Their strategy makes extensive use of back-translation, which synthetically creates source language text from monolingual text (which then serves as target language text). So this lecture will also explore back-translation, a form of semi-supervised learning.

readings:

Johnson et al (2016). "Google's Multilingual NMT: Enabling Zero-Shot Translation"
Fan et al (2020). "Beyond English-Centric Multilingual Machine Translation"
Arivazhagan et al (2019). "Massively Multilingual NMT in the Wild"
Zhang et al (2020). "Improving Massively Multilingual NMT and Zero-Shot Translation"
Kudugunta et al (2019). "Investigating Multilingual NMT Representations at Scale"
Sennrich, Haddow and Birch (2015). "Improving NMT Models with Monolingual Data"

lecture 07 — GPT models

themes:

Using a decoder-only Transformer, researchers at OpenAI observed that pre-training a language model in an unsupervised fashion and then fine-tuning it for a given task is an effective strategy.
In their 2018 paper introducing GPT, they hypothesized that "the more structured attentional memory of the transformer assists in transfer compared to LSTMs."
Then in 2019 and 2020, they trained models at a range of sizes and observed that a model's ability to transfer learning across tasks increases with model size.

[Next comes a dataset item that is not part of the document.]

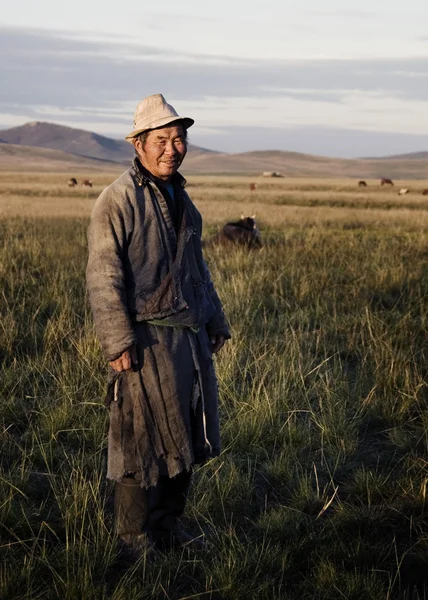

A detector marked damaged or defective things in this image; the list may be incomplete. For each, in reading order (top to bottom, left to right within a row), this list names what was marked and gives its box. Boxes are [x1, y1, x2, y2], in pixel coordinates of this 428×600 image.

tattered cloth [85, 159, 229, 488]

Their largest model performed best on all tests. And sometimes it performed much better than the smaller models. But in many cases, the improvement was small.

readings:

Radford et al (2018). "Improving Language Understanding by Generative Pre-Training"
Radford et al (2019). "Language Models are Unsupervised Multitask Learners"
Brown et al (2020). "Language Models are Few-Shot Learners"

lecture 08 — BERT models

themes:

Using an encoder-only Transformer, researchers at Google took a different approach to pre-training and unsupervised learning. They developed a "bidirectional" model, BERT, which allows each token to attend to all tokens in the self-attention layers, so that the representation learns from context on both sides.
For comparison, GPT (like the original Transformer) only allows a token to attend to previous tokens.
So to prevent trivial predictions, the team that developed BERT introduced masked language modeling. During pre-training, they randomly replaced a fraction of the tokens with either a "mask" token, a random token or the same (unchanged) token, then they pre-trained BERT to predict those tokens.
And to capture the relationship between two sentences, they created paired training examples in which the second sentence was either the next sentence or a random sentence.
The bidirectional cross-attention between the two sentences makes BERT a good choice for question-answering tasks, inference tasks and classification tasks.

readings:

Devlin et al (2019). "BERT: Pre-Training of Deep Bidirectional Transformers"
Pires et al (2019). "How Multilingual is Multilingual BERT?"
Lewis et al (2019). "BART: Denoising Sequence-to-Sequence Pre-Training"
Sanh et al (2020). "DistilBERT: a Distilled Version of BERT"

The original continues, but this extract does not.